CBE Doctoral Dissertation Defense: “Molecular Mechanisms of Spatiotemporal Gene Control in Early Embryonic Development”

Development of a newly fertilized embryo is a dynamic, complex, and highly coordinated process that requires precise genetic regulation and control. As the embryo develops, DNA regulatory elements known as enhancers drive gene expression patterns in specific regions of an organism at a particular time. Mis-regulation of gene expression due to mutations in enhancers can result in severe disease phenotypes and developmental defects. However, understanding the fundamental mechanisms that activate and regulate precise transcription remains challenging. This thesis aims to elucidate the molecular mechanisms of enhancer-mediated transcriptional regulation in high spatiotemporal resolution in different genetic contexts.

Early development is largely controlled by maternally deposited proteins, while the zygotic genome remains transcriptionally silent. The transition from maternal to zygotic control has been extensively studied, yet we still lack a comprehensive understanding of the processes that result in zygotic genome activation. In Chapter 2, we identify distinct yet overlapping mechanisms of nuclear to cytoplasmic (N/C) ratio control on transcription driven by various enhancers under different genetic perturbations.
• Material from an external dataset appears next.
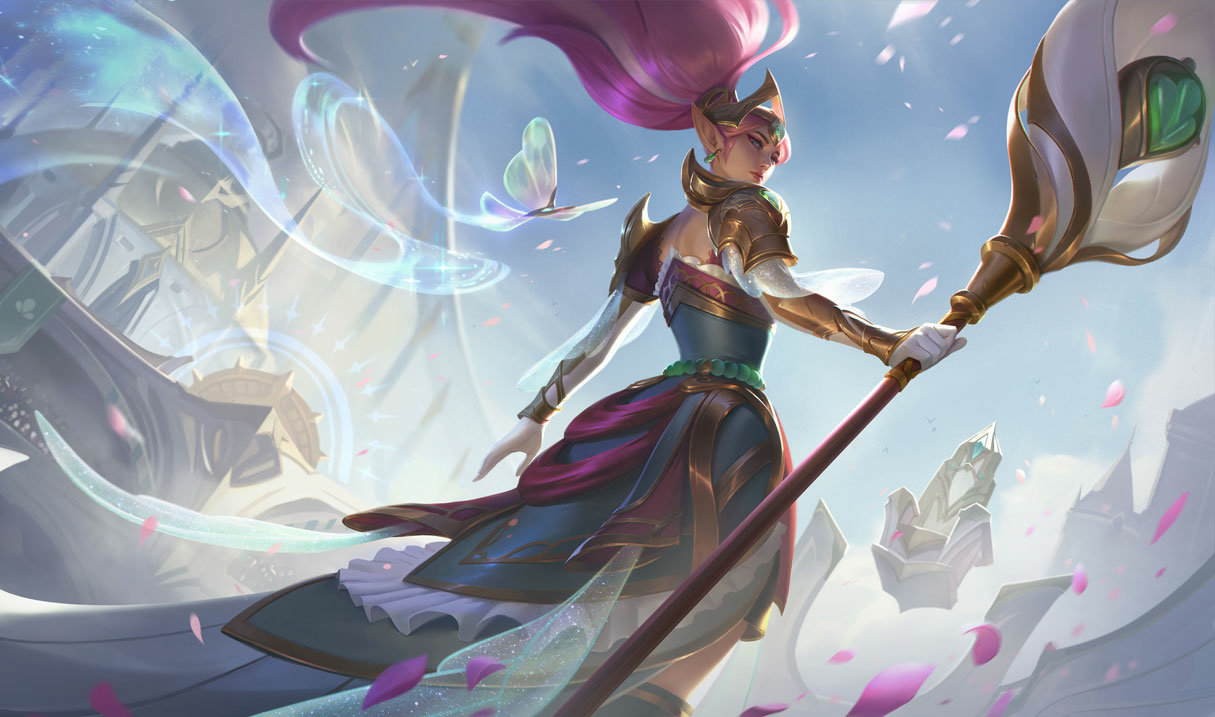 Battle Queen Janna splash art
Enhancers contain unique binding sites for various proteins, known as transcription factors (TFs), that regulate spatiotemporal expression of a target gene. Many enhancers contain multiple binding sites for the same TF and the specific contribution of the various TF binding sites to the overall expression of a target gene is unclear. In Chapter 3, we characterize enhancer-mediated gene expression upon systematic modulation of TF binding sites. We find that mutating a single TF binding site results in a dramatic reduction in mRNA production. Through thermodynamic modeling, we uncover the synergistic capabilities of each binding site to the total transcriptional dynamics.

In this thesis we use a combination of live imaging, CRISPR/Cas9 genome editing technology, quantitative analysis, and mathematical modeling to explore a new world of gene regulation and transcriptional dynamics. By understanding the fundamental mechanisms that spatiotemporally control and modulate the expression of essential developmental genes, we can gain insights into gene mis-regulation and serious diseases.